Initially, she was focused on her pop-up and the bonbons were merely take-home gifts for guests. After her move to Seattle, Wang says she visited more than two dozen establishments in the area with Hédonisme sample menus and bonbons in hand, in search of a host restaurant. She didn’t find any takers until she happened to drive by Paju, in Queen Anne. “I turned into Chase Bank, put my emergency lights on, and then I ran across [the street] and I’m like, ‘Hi, I’m Jess, here’s my menu. I want to do a pop-up!’”

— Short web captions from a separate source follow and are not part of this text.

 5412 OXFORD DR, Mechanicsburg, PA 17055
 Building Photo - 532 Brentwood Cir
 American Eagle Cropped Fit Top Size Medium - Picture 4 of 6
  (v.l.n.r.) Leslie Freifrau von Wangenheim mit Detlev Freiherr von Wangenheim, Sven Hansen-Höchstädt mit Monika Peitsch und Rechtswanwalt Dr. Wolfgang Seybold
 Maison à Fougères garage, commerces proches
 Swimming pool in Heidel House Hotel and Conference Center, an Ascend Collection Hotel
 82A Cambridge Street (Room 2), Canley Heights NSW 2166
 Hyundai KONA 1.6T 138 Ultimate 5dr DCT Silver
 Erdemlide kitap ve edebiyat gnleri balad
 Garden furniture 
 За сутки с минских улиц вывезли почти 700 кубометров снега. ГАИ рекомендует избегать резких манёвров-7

Paju’s Jeong tells Eater Seattle he said yes to her because years earlier, he’d been in the same position, a young chef on the make hoping to find a restaurant who would give him space for his pop-up. “She reminded me of myself,” Jeong says.

Rows of blue bonbons with a yellow heart in the middle.

Wang’s bonbons.

Rows of white bonbons decorated with a faint violet floral pattern.

Wang’s bonbons.

Wang has done five pop-up dinners since that first meeting, each with its own unique menu, and the bonbons have taken off as much more than a take-home gift. She offers them in seasonal collections (six bonbons is $26), which typically sell out in a matter of days or hours. During the 2023 holiday season, she “oversold” and had to make roughly 1,200 boxes all by herself.

Wang hopes to eventually own a chocolate shop that produces the bonbons and has a small dining room where she can host her high-end dessert dinner (in that dream, the dining space would connect to the shop via a speakeasy-style secret door). The vision includes a school, too, where Wang could teach the next generation of meticulous pastry chefs. “This is something I can do when I’m young. This is something that I can’t do when I’m 60,” she says. “I want to create a school and I want to teach.”

Wang is of course the type of person who sketches her future out decades in advance, then makes that sketch, improbably, into a reality. She says she wanted to do a dessert omakase menu when she was 14, and a decade and a half later, she actually did it. She’s looking for a space for a brick-and-mortar location now, and will probably wind up finding the perfect spot, because she’s always aiming for perfection. Why settle?

“Life is really short,” she says. “Why am I going to waste my time?”